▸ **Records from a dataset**
###
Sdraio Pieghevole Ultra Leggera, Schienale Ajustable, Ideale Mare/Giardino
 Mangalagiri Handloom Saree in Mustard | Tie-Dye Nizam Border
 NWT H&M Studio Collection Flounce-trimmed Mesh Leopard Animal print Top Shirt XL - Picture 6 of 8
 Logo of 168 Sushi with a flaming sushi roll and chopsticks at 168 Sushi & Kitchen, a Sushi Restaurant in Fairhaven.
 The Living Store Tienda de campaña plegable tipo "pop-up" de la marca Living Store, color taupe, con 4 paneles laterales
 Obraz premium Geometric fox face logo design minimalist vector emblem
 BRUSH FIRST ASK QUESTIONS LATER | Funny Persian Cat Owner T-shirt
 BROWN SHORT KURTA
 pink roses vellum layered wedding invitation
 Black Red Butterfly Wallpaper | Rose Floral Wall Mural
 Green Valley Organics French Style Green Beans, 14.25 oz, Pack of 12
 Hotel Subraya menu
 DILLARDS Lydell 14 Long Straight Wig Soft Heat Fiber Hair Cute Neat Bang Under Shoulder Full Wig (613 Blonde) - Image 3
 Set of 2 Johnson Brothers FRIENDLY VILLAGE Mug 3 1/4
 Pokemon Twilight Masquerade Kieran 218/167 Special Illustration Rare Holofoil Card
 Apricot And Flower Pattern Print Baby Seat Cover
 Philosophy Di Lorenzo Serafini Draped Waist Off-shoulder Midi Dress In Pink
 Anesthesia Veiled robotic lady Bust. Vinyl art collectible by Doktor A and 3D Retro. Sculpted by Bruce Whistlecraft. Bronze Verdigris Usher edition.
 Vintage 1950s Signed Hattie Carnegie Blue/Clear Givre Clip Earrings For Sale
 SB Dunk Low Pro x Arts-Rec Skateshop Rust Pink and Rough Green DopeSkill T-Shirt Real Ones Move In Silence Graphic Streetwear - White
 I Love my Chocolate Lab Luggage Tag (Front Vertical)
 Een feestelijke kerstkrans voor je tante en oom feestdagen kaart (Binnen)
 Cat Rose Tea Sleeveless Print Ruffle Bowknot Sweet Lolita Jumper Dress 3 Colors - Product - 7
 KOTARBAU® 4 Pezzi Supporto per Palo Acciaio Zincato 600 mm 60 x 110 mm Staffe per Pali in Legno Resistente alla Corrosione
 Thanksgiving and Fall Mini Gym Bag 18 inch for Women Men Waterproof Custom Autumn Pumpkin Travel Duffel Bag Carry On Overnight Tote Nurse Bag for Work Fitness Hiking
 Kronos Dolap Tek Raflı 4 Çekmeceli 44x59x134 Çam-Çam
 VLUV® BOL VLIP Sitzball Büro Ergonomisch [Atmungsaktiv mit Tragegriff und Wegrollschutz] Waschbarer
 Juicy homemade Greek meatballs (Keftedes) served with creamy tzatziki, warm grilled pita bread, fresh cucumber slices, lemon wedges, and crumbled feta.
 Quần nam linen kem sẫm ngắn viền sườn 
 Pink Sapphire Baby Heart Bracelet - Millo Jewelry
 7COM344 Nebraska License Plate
###
▸ **Required action**
Each record, from first to last, should be returned verbatim.

▸ **Solution for this problem**
Sdraio Pieghevole Ultra Leggera, Schienale Ajustable, Ideale Mare/Giardino
 Mangalagiri Handloom Saree in Mustard | Tie-Dye Nizam Border
 NWT H&M Studio Collection Flounce-trimmed Mesh Leopard Animal print Top Shirt XL - Picture 6 of 8
 Logo of 168 Sushi with a flaming sushi roll and chopsticks at 168 Sushi & Kitchen, a Sushi Restaurant in Fairhaven.
 The Living Store Tienda de campaña plegable tipo "pop-up" de la marca Living Store, color taupe, con 4 paneles laterales
 Obraz premium Geometric fox face logo design minimalist vector emblem
 BRUSH FIRST ASK QUESTIONS LATER | Funny Persian Cat Owner T-shirt
 BROWN SHORT KURTA
 pink roses vellum layered wedding invitation
 Black Red Butterfly Wallpaper | Rose Floral Wall Mural
 Green Valley Organics French Style Green Beans, 14.25 oz, Pack of 12
 Hotel Subraya menu
 DILLARDS Lydell 14 Long Straight Wig Soft Heat Fiber Hair Cute Neat Bang Under Shoulder Full Wig (613 Blonde) - Image 3
 Set of 2 Johnson Brothers FRIENDLY VILLAGE Mug 3 1/4
 Pokemon Twilight Masquerade Kieran 218/167 Special Illustration Rare Holofoil Card
 Apricot And Flower Pattern Print Baby Seat Cover
 Philosophy Di Lorenzo Serafini Draped Waist Off-shoulder Midi Dress In Pink
 Anesthesia Veiled robotic lady Bust. Vinyl art collectible by Doktor A and 3D Retro. Sculpted by Bruce Whistlecraft. Bronze Verdigris Usher edition.
 Vintage 1950s Signed Hattie Carnegie Blue/Clear Givre Clip Earrings For Sale
 SB Dunk Low Pro x Arts-Rec Skateshop Rust Pink and Rough Green DopeSkill T-Shirt Real Ones Move In Silence Graphic Streetwear - White
 I Love my Chocolate Lab Luggage Tag (Front Vertical)
 Een feestelijke kerstkrans voor je tante en oom feestdagen kaart (Binnen)
 Cat Rose Tea Sleeveless Print Ruffle Bowknot Sweet Lolita Jumper Dress 3 Colors - Product - 7
 KOTARBAU® 4 Pezzi Supporto per Palo Acciaio Zincato 600 mm 60 x 110 mm Staffe per Pali in Legno Resistente alla Corrosione
 Thanksgiving and Fall Mini Gym Bag 18 inch for Women Men Waterproof Custom Autumn Pumpkin Travel Duffel Bag Carry On Overnight Tote Nurse Bag for Work Fitness Hiking
 Kronos Dolap Tek Raflı 4 Çekmeceli 44x59x134 Çam-Çam
 VLUV® BOL VLIP Sitzball Büro Ergonomisch [Atmungsaktiv mit Tragegriff und Wegrollschutz] Waschbarer
 Juicy homemade Greek meatballs (Keftedes) served with creamy tzatziki, warm grilled pita bread, fresh cucumber slices, lemon wedges, and crumbled feta.
 Quần nam linen kem sẫm ngắn viền sườn 
 Pink Sapphire Baby Heart Bracelet - Millo Jewelry
 7COM344 Nebraska License Plate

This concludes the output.